By 1950, the short line had gross revenues of $244,253, a substantial amount for such a little operation. Figures increased to more than $300,000 by the early 1960s. More steamers arrived during the 1950s; 2-8-0 #6 was acquired from the Southern to replace #4 in 1952, and three 0-6-0s (#7, #8, and #9) were purchased between 1956 and 1958. Eventually, #6 was retired. In all of its years, the company owned only one new locomotive: the 2-8-0 #1 was built by H. K. Porter, Inc. and delivered to the railroad on March 1, 1915. It was followed by 2-8-0 #2 in 1938, also of Southern heritage, while 4-6-0 #3 was a former Georgia & Florida Railway unit picked up in 1941.
Steam enjoyed a long life on the Virginia Blue Ridge, thanks to both redundancy and a workforce who were somewhat nostalgic about the motive power. Before the company retired its remaining fleet, four were still in service and all were 0-6-0s (nos. 5, 7, 8, and 9). Diesels finally replaced steam on June 18, 1963, when a pair of Electro-Motive SW1 switchers arrived. Numbers 10 and 11 were built as Delaware, Lackawanna & Western #430 and #427, respectively, in 1940. A few years later, a third unit (#12) arrived on June 7, 1965. Also of Lackawanna heritage, the engine was built in 1940 as #432.

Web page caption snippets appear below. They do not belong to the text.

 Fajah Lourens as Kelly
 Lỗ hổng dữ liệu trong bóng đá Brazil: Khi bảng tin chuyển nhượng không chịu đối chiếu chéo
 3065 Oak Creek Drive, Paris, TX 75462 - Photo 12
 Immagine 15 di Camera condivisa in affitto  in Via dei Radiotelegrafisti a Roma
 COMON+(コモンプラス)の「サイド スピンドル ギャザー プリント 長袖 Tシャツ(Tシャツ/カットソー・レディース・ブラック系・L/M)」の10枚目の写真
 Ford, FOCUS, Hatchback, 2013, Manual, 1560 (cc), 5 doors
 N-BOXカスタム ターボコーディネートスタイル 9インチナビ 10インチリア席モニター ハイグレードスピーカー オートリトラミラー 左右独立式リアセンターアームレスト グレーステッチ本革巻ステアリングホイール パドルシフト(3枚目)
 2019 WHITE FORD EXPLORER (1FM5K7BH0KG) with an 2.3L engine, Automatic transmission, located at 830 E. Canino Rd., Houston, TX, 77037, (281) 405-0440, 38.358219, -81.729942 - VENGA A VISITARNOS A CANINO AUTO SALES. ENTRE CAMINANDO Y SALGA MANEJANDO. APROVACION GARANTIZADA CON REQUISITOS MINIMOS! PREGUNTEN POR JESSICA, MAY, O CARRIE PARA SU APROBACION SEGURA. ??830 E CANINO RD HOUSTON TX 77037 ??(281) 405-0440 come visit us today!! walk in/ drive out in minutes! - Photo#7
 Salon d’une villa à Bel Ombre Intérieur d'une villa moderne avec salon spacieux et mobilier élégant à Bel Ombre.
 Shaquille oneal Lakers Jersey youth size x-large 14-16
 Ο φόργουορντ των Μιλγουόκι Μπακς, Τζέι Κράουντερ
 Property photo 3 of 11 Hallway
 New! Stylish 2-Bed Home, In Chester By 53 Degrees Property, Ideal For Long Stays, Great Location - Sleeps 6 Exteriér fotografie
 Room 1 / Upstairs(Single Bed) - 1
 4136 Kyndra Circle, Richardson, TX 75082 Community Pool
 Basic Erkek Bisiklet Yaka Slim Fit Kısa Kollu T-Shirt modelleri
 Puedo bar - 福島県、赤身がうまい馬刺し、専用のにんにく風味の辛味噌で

Times remained good on the VBR until 1970 when American Cyanamid announced it was closing its facility and moving to Georgia, effective June 15, 1971. Around the same time, the Riverton Lime & Stone Company also shuttered its operations, which left the railroad with International Minerals & Chemical Company as its only remaining customer. Finally, in May 1980, they too announced their plant would close. On July 1, the Virginia Blue Ridge Railway was embargoed; in 1985 the rails were removed.
Today, five of the VBR’s nine steam locomotives survive: 0-6-0 #4 pulls excursions on the Wilmington & Western in Delaware as #58; 0-6-0 #5 is preserved by the Whippany Railway Museum of New Jersey as U.S. Army #4039, which is restoring the locomotive to operation; 2-8-0 #6 is also owned by the Whippany Railway Museum and preserved as Southern #385; 0-6-0 #8 is privately owned in Maryland as #2; and 0-6-0 #9 is currently owned by short line SMS Rail Lines of New Jersey, who is working to restore the locomotive to operation.
Railroad attractions in Virginia include the C&O Railway Heritage Center in Clifton Forge; Eastern Shore Railway Museum in Parksley; Fairfax Station Railroad Museum in Fairfax Station; Historic Cambria Depot & Scale Cabinetmaker Museum in Christiansburg; Carson Depot Library in Carson, part of the Appomattox Regional Library; Lancaster Antique Train & Toy Collection in Portsmouth; O. Winston Link Museum and Virginia Museum of Transportation in Roanoke; Richmond Railroad Museum in Richmond; Suffolk Seaboard Station Railroad Museum in Suffolk; and the U.S. Army Transportation Museum at Fort Eustis.